George sat on the desk next to the lantern, studying Sherlock with enervated patience, one knee drawn up to his chest and his own bag of ice held to his wounded shoulder. He'd not put his shirt or jacket back on despite the chill. Even in the flat and unromantic light, his silent presence glowed like a film noir leading man, like Delacroix's Hamlet, like a Raphaelite saint. A remote beauty, a work of art to be admired but not desired.
"I don't think I said thank you," George said after another few moments' inscrutable silence. "So, thank you."

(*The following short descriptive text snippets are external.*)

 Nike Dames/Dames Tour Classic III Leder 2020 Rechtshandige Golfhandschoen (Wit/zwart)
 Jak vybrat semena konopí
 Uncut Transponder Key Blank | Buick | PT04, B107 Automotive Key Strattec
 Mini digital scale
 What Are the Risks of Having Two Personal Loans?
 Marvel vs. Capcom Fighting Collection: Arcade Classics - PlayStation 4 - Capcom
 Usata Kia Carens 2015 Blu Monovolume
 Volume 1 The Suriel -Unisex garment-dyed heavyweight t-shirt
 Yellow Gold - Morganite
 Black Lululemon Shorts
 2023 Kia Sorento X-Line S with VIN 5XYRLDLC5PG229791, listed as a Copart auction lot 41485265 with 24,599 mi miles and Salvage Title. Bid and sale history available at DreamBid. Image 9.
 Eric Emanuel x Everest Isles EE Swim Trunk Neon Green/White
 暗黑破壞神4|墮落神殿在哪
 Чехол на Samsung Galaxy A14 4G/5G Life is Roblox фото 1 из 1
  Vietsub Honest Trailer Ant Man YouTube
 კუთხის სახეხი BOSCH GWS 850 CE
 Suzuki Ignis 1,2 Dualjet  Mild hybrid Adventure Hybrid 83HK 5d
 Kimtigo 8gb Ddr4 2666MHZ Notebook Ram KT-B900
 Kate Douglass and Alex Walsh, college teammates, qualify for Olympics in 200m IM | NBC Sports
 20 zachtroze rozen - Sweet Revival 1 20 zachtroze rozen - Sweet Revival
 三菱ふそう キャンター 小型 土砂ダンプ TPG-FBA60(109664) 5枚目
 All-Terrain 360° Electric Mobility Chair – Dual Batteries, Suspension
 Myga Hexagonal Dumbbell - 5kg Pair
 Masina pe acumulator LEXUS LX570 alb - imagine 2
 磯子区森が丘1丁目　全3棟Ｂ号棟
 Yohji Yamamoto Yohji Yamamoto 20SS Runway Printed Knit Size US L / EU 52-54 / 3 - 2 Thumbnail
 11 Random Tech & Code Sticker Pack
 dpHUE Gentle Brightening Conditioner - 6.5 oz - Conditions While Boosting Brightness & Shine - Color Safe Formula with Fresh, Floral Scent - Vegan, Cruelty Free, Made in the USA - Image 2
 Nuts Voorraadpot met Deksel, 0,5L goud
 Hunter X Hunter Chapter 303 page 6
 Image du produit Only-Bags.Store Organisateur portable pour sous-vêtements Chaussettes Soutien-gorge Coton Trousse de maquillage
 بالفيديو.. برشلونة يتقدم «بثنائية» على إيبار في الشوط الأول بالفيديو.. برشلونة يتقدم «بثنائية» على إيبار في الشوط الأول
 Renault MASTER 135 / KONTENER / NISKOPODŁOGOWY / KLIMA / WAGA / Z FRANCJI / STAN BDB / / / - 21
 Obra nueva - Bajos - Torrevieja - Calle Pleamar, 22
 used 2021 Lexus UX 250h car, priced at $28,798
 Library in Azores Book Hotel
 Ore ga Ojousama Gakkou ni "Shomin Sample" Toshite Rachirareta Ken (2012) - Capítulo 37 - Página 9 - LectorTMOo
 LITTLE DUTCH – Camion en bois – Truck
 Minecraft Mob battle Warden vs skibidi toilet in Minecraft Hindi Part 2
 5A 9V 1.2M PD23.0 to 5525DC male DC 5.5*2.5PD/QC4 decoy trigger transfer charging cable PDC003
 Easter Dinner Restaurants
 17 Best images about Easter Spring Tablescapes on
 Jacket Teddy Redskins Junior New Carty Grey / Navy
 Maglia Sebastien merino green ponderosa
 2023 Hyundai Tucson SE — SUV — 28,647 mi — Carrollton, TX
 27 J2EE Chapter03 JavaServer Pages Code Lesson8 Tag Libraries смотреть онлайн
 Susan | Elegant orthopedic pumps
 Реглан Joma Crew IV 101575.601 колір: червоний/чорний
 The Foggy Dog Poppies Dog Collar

"You're welcome." The running, the fear, the thrill, it had all been worth it.
"This is going to sound all sorts of lewd that I don't intend, but are you ready to get your pants off?"
The spell broke, and an earthy snicker escaped Sherlock; at any other time his reaction might have been a simple twitch of the lips, but the disconcerted look on George's face only made the euphoric amusement worse.
"What?"
"Oh, oh, you were doing so well with your Americanisms...."
"I don't follow." Just a man again, frowning, focused inward, clearly running back through what he'd said. "Pants?"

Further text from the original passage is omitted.